In existing literature, our work is similar to the triad, which is a sub-graph consisting of three nodes and possible lines between the nodes, in social network analysis (O’Malley & Marsden 2008, Kitts & Huang 2010)28,29. However, the triads in social network analysis are directional, and a total of 16 triads were defined to describe directed interactions between three individuals. In our trio definitions, although our interactions (links) are directionless due to the nature of correlation network, we take into account the role of nodes (e.g., MAO) and the type of interactions (positive vs. negative). In addition, we consider trios with MAO (most abundant OTU) handle, i.e., the MAO is connected to a trio with possibly one, two, or three links (i.e., the handle). We consider this type of ‘trios,’ which consists of 4 nodes actually and, strictly speaking, should be termed “quartos,” because we found that the MAO may have far reaching effect on the whole structure of a trio beyond the effect on its immediate (directly connected) neighbor nodes. With a three-level classification scheme of node role, interaction type, and their combinations (specifically, the existence/absence of MAO handle or MAO, the positive vs. negative interaction, as well as their permutations), a total of 19 trios, including 10 without MAO handle, and 9 with MAO handle. The former class was further classified into 10 types based on the existence of MAO in the trio, as well as permutation of positive and negative links, and the latter class was further classified into 9 types based on the number of links to MAO (1, 2, or 3) as well as the permutation of positive and negative links. We developed the trios-finder program (TFP) in Perl for detecting the trios and provided the source code in the Supplementary information. We demonstrate the concept and design of using the trios as potential in silico biomarkers, as well as their implementation with the TFP software, with six HMP datasets that cover microbiomes and associated diseases from five major body sites (gut, lung, oral, skin, vaginal).

The Method—Definitions and Computational Searching for Trios

Defining the trios

Formally, with the three-level classification scheme, we distinguish two classes, five categories, and 19 types of trios at the first, secondary, and tertiary level, respectively (Table 1). At the primary level of the classification, we distinguish two classes, the trios without MAO handle and trios with MAO handle. At the secondary level, the first class refers to the triangle motif that is not connected with an external MAO ‘handle’ and is further distinguished as two categories: trios with MAO (i.e., MAO is part of the trio) and trios without MAO (i.e., MAO is not part of the trio). The second class refers to the triangle motif that is connected with an external MAO and is further distinguished as three categories: single-link MAO handle, double-link MAO handle, and triple-link MAO handle, with one, two and three links to the node of MAO handle, respectively.

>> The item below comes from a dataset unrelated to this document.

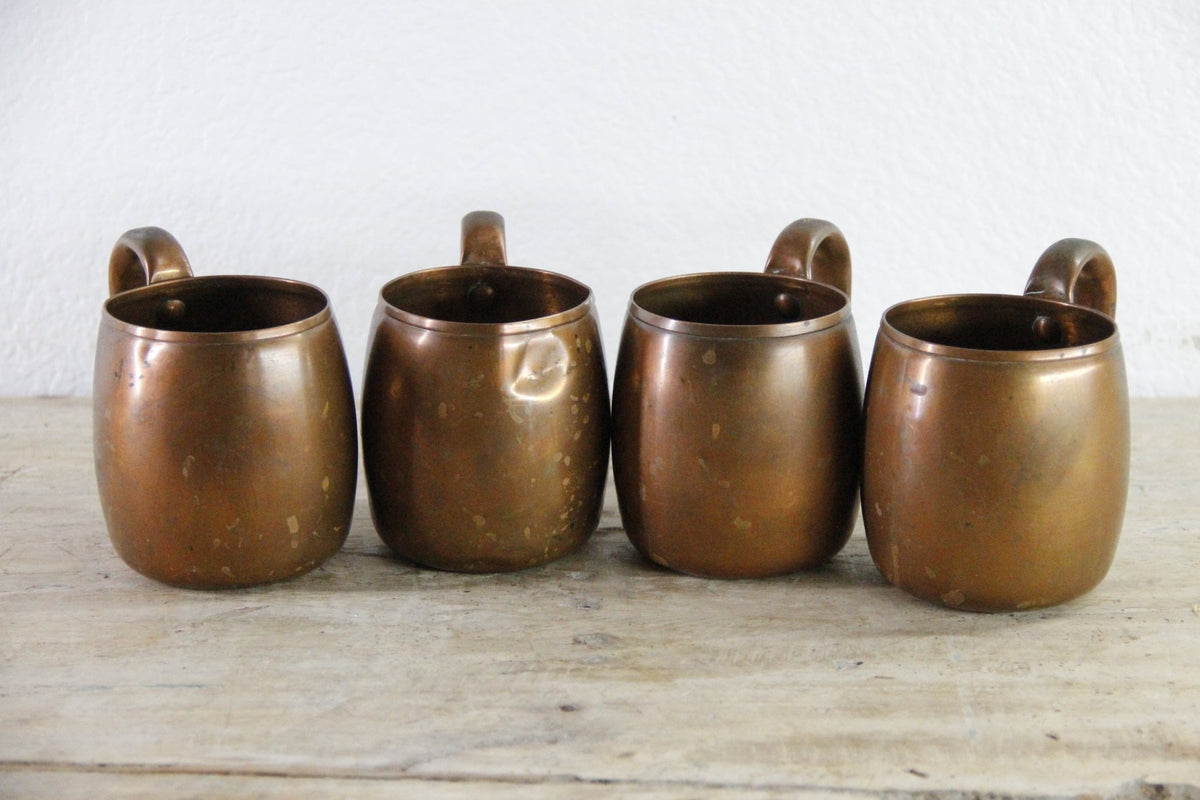 Vintage West Bend Copper Mugs Set of 4 Solid Copper USA - Debra Hall Lifestyle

Table 1 The 19 types of trios generated from a three-level classification scheme.

At the tertiary level classification, each of the five secondary level categories (trios without MAO handle, trios with MAO handle, single-link MAO handle, double-link MAO handle, and triple-link MAO handle) is further classified based on the signs (+ or −) of the interactions (correlations) within the trio or between the trio and handle. Detailed classification of the 19 trio types at the tertiary level, generated from the above-described three-level classification scheme is presented in the following Table 1. Among 19 trio types, four types in the category of trios without MAO are nothing particular and are detected in existing network analysis software packages such as Cytoscape (Shannon et al. 2003)23 and iGraph (Csardi & Nepusz 2006)24. To the best of our knowledge, the other 15 trios have not been investigated in the existing literature. Our focus will be centered on those 15 special trios.

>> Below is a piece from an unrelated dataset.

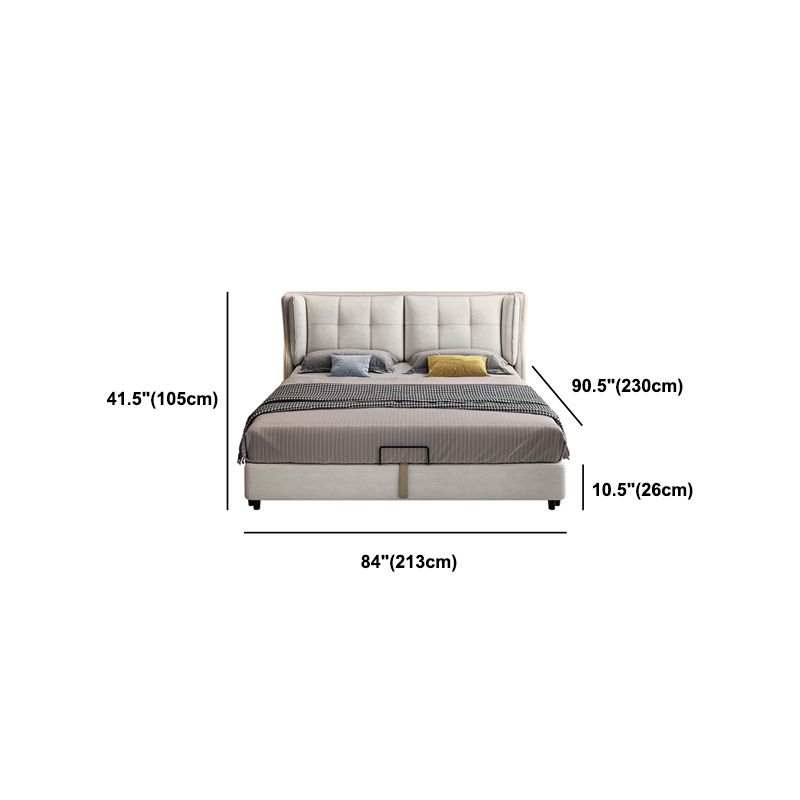 Contemporary Tufted Standard Bed with Wingback Headboard and Legs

As it is demonstrated below, even the 15 special trios are not created equal, and some of the theoretically possible triangle motifs are not detected in our datasets and may even be ‘prohibited.’ Some of the trios, especially the six types of trios in the category of trios with MAO were named as Type-1A, Type-1B, Type-2A, Type-2B, Type-3, and Type-4, respectively. These six types are identified at the tertiary level classification; the sign (+ or −) of interaction in trios in the microbiome network is considered. For example, the difference between Type-1A and Type-1B lies in the signs of two links connected with the MAO, i.e., (+ −) in Type-1A and (− −) in Type-1B.

Computational procedures

Our computational procedures for detecting the trios (triangle motifs) consist of the following four major steps: (i) computing OTU correlation coefficients (using either Spearman’s or Pearson’s definitions), (ii) filtering out false correlations with FDR (false discovery rate) adjustment, (iii) constructing the OTU (or species) correlation (interaction) networks with standard network analysis software packages such as Cytoscape (Shannon et al. 2003)23 or iGraph (Csardi & Nepusz 2006)24; and (iv) detecting the trios with home-made trio finder program (TFP) program, supplied in the online Supplementary document. The first two steps were actually implemented in a R-script CCFDR.r (Correlation Computing with False Discovery Rate) we provided in the online Supplementary materials. The R-script (CCFDR.r) calls the function “rcorr” from existing R-package Hmisc (https://cran.r-project.org/web/packages/Hmisc/) and the function “multiple.correction” from existing R-package EMA (https://cran.r-project.org/web/packages/EMA/index.html) to compute the correlation coefficients and filter out false correlations, respectively. The output from the CCFDR.r, i.e., correlation computing adjusted with FDR control, is feed into our Perl program TFP.pl, which completes the task of seeking and counting the various trio types. The following flowchart shows the computational procedures, and we further elaborate the possible issues involved in the procedures below.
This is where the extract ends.